Ilusi Kemerdekaan bagi Masyarakat Pesisir dan Pulau Kecil
Parid Ridwanuddin
Manajer Kampanye Pesisir dan Pulau Kecil
Di tengah hingar bingar perayaan 17 Agustus 2024 yang diselenggarakan oleh Pemerintah di Ibu Kota Nusantara, sejumlah perwakilan dari Pulau Rempang mendatangi Jakarta untuk mempertahankan kampung adat mereka dari ancaman penggusuran proyek strategis nasional (PSN), Rempang Eco City. Tak hanya itu, kehadiran masyarakat Rempang di Jakarta bertujuan untuk mempertanyakan kemerdekaan, sekaligus menagih keadilan sosial yang telah dimandatkan oleh Konstitusi Republik Indonesia.
Mereka melakukan aksi di depan Kedutaan Besar China, Kementerian Koordinator Bidang Perekonomian, lalu mendatangi Ombudsman Republik Indonesia, dan juga Komisi Nasional Hak Asasi Manusia (Komnas HAM).
Setelah satu tahun melakukan perlawanan terhadap penggusuran akibat PSN Rempang Eco City, Masyarakat Pulau Rempang belum menemukan titik terang. Pemerintah Indonesia, melalui Kementerian Koordinator Perekonomian, menegaskan bahwa proyek tersebut akan tetap dilanjutkan dengan sokongan investasi dari Perusahaan China. Proyek ini diatur dalam Peraturan Menteri Koordinator Bidang Perekonomian Nomor 7 Tahun 2023 yang disahkan pada 28 Agustus tahun lalu.
Dalam satu tahun terakhir, mereka konsisten memperjuangkan hak atas ruang hidup, baik di darat maupun di laut, yang dilindungi oleh Konstitusi Republik Indonesia. Tak sedikit dari mereka ditangkap karena dianggap terlibat dalam perlawanan terhadap rencana penggusuran. Setidaknya lebih dari 7.500 warga setempat bakal dipindahkan ke Dapur 3 Sijantung, Pulau Galang, Batam.
Pulau Rempang sebenarnya masuk ke dalam kategori pulau kecil berdasarkan definisi UU No. 27 Tahun 2007 jo. UU No. 1 Tahun 2014 tentang Pengelolaan Wilayah Pesisir dan Pulau-Pulau Kecil. Di pulau seluas 16.583 ribu hektare itu akan dibangun kawasan industri, perdagangan, dan pariwisata.

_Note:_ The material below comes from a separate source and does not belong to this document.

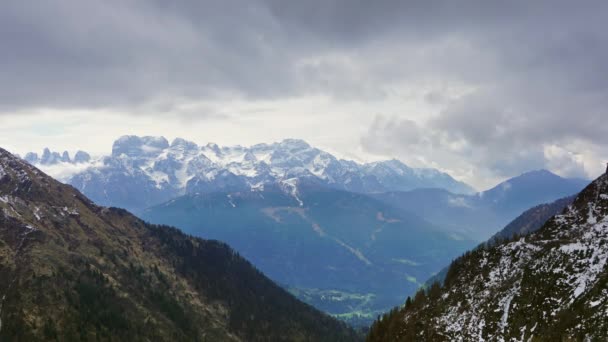 Sněhem Pokryté Hory Mracích Krajina Alpách Adamello Brenta Itálie Timelapse — Stock video
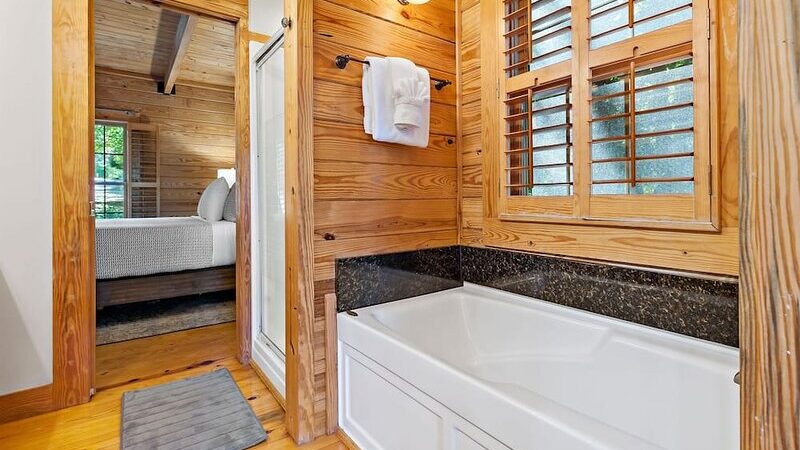 Big Cat Mountain House, cabin with a private hot tub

Apa yang terjadi di Pulau Rempang juga terjadi di banyak wilayah pesisir dan pulau kecil di Indonesia. Di Pulau Wawonii, masyarakat harus terus berhadapan dengan pertambangan nikel yang dilakukan oleh PT Gema Kreasi Perdana (PT GKP). Sampai dengan tanggal 10 Agustus 2024, penulis menerima informasi bahwa aktivitas pertambangan nikel di Pulau ini masih terus berjalan. Padahal, pada 23 Maret 2024 lalu Mahkamah Konstitusi Republik Indonesia telah menolak gugatan mereka yang meminta kawasan pesisir dan pulau kecil boleh dijadikan wilayah pertambangan, sebagaimana yang tertulis dalam putusan MK No. 35 Tahun 2024.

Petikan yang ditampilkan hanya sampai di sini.